Inverted Pendulum 2
A state-feedback fuzzy controller is designed to stabilise/regulate an inverted pendulum on a cart based on 2-rule T-S fuzzy model with the consideration of system stability and performance. The feedback gains is obtained by solving a feasible solution to a set of stability and performance conditions in terms of linear matrix inequalities. The following movie clip shows a simulation result (the first 8 second is in slow motion (0.02x) and the rest is in normal speed). The initial condition for all cart is the same: pendulum angle = 75 degrees, pendulum angular velocity = 0 degrees per second, cart displacement = 0 m eter and cart velocity = 0 meters per second.
Details can be found in the following paper:
- H.K. Lam and Mohammad Narimani, “Stability analysis and performance deign for fuzzy-model-based control system under imperfect premise matching,” IEEE Trans. Fuzzy Systems, vol. 17, no. 4, pp. 949-961, Aug. 2009.

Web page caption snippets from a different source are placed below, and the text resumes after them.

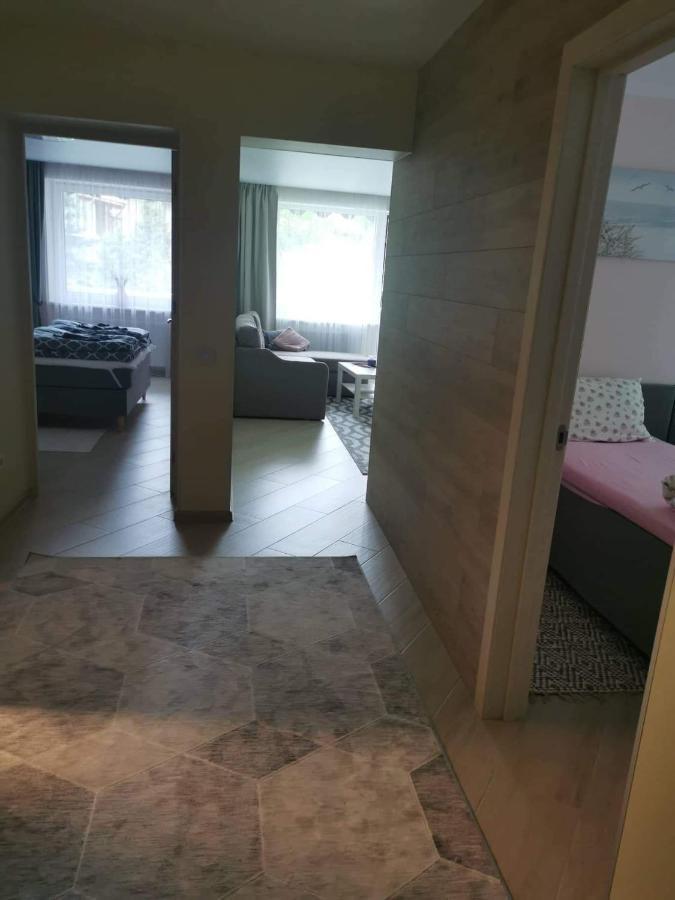Ferienwohnung Milda Juodkrantė Exterior foto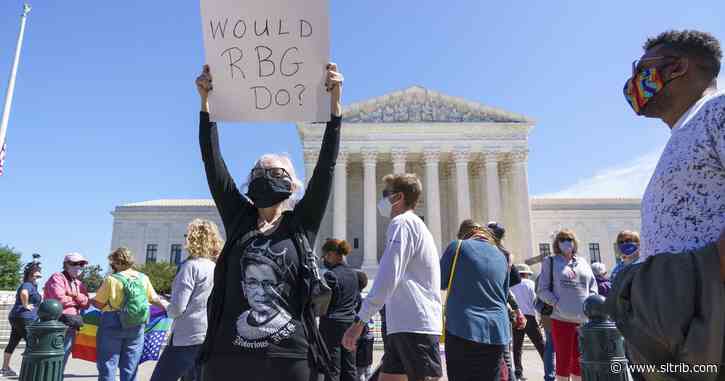 Jennifer Walker Thomas: Legitimacy of government depends on deferring Supreme Court appointment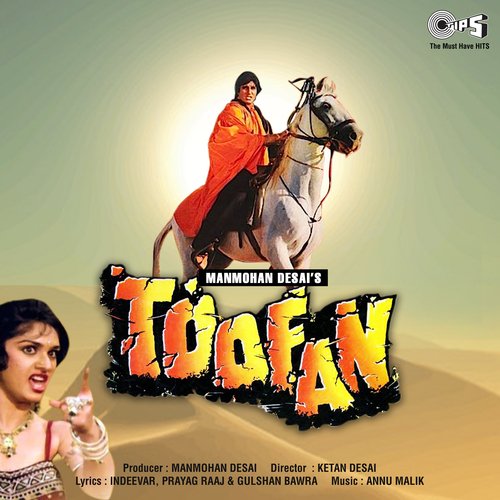 Toh Aagaye Hum Songs-  Poster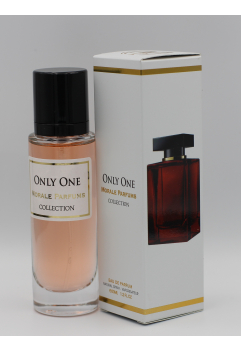 Парфумована вода для жінок ONLY ONE 30 мл. версія Dolce&Gabbana The Only One (3932646779873)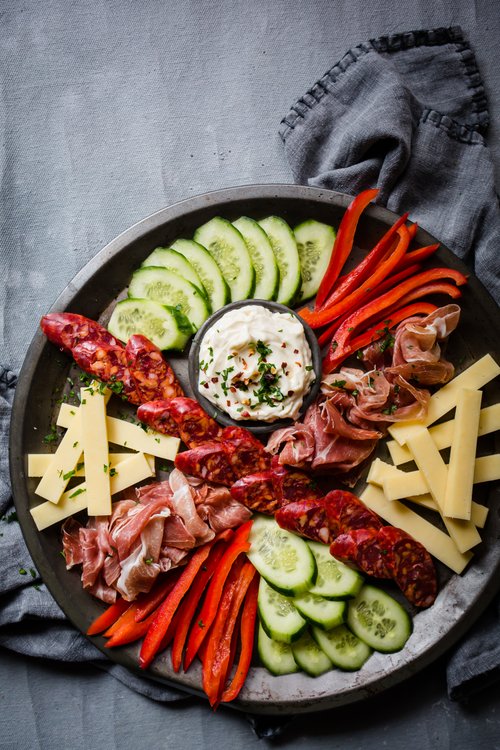 Brunchtapas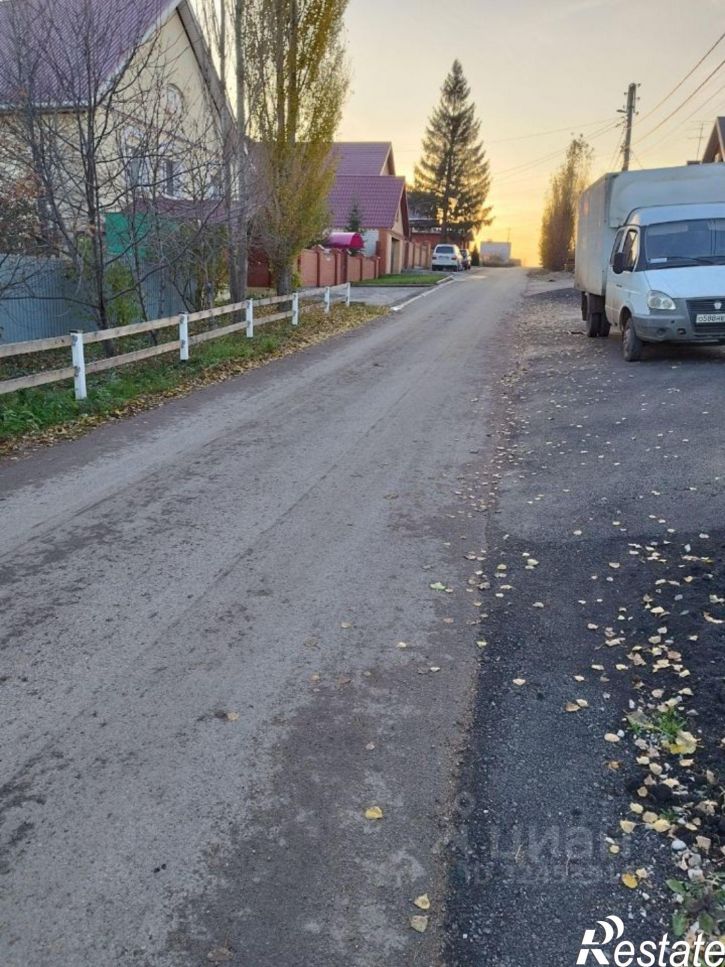 Земельный участок ул Отрадовская, 31,  д. 31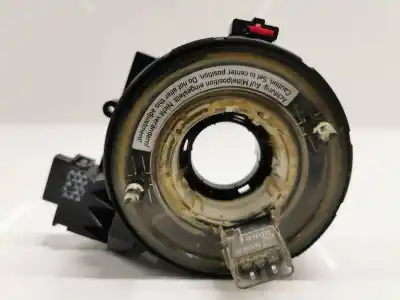 Second-hand car spare part air bag ring for audi a3 (8p) 2.0 tdi limited edition (103kw) oem iam references 1k0959653d  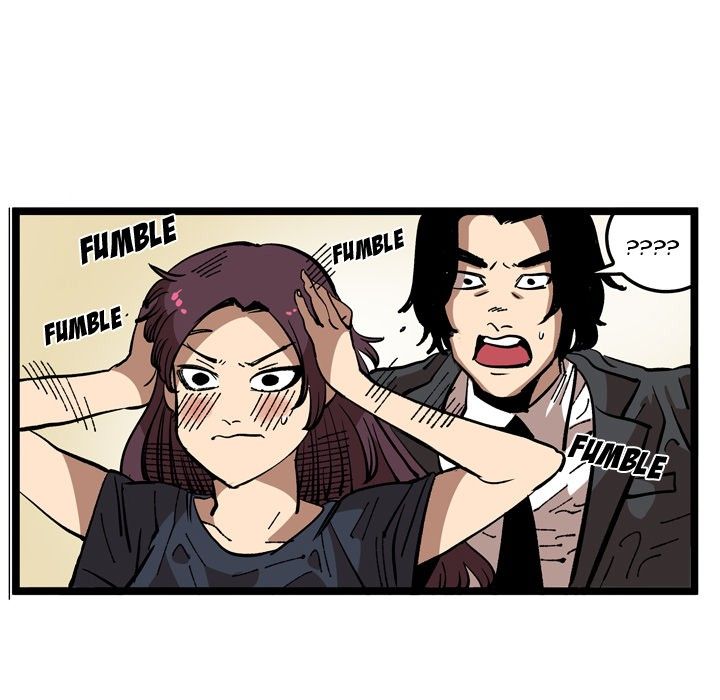 A Bad Friend Manhwa - Chapter 33 Page 24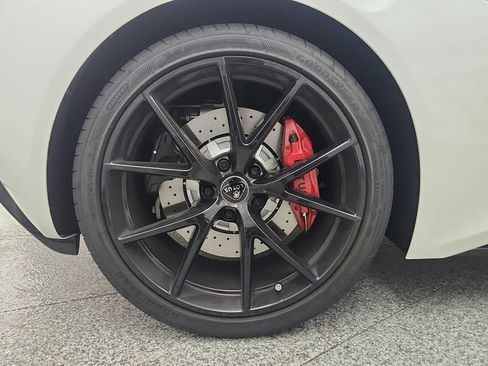 Used 2026 Lotus Emira SE RWD image 29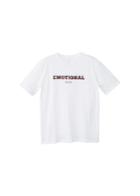 Mango Man Mango Man Organic Cotton Message T-shirt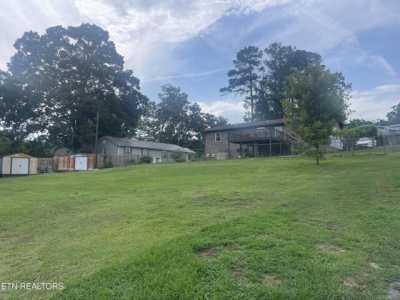 Residential Land For Sale in Athens, Tennessee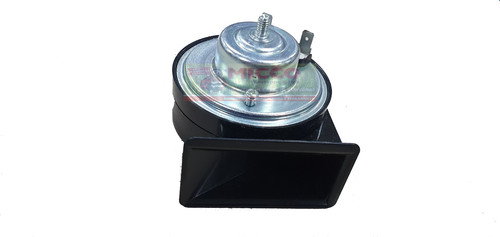 Tromba clacson 12v - tromba,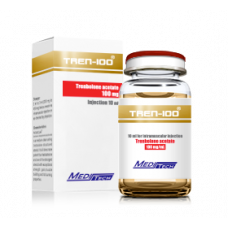 Meditech Trenbolone Acetate 100mg 10ml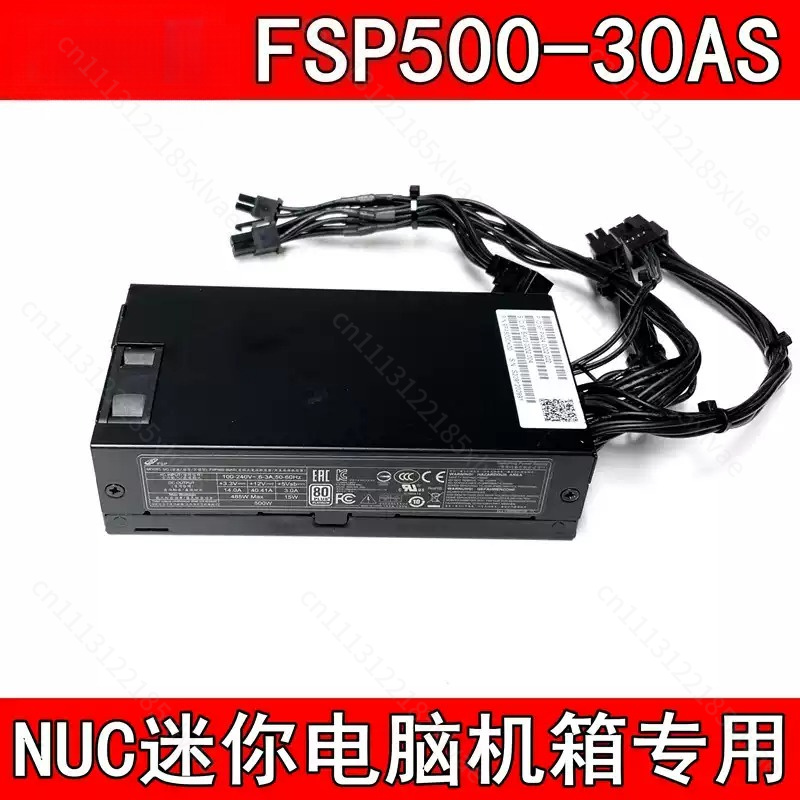 FSP500-30AS 500W Platinum 1U F – Atx Power Supply 1U Flex 500W Bewertung und Preis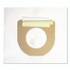 GREEN KLEAN HOVYP Replacement Vacuum Bags, Fits Hoover/Pacific Steamex Scholar/Royal, 3/Pack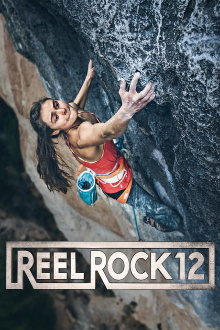 Reel Rock 12 Trailer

Three fuzzy controllers are designed to stabilise the inverted pendulum on a cart subject to different performance indices. The performance index of the upper cart is to minimise the pendulum angle and cart displacement. The fuzzy controller is able to drive the pendulum and the cart to the origin in the shortest time among the three carts. The one in the bottom is to minimise the pendulum angle, cart displacement and the control energy. This fuzzy controller is still able drive the pendulum and the cart to the origin but a longer time is required and the control energy consumption is lower compared with the upper one. The one in the middle puts a heavy weight on the minimisation of control energy. It consumes the least control energy among the three fuzzy controllers. However, it requires the longest time to return the cart to the origin (around 200 seconds but the movie only shows up to 38 seconds).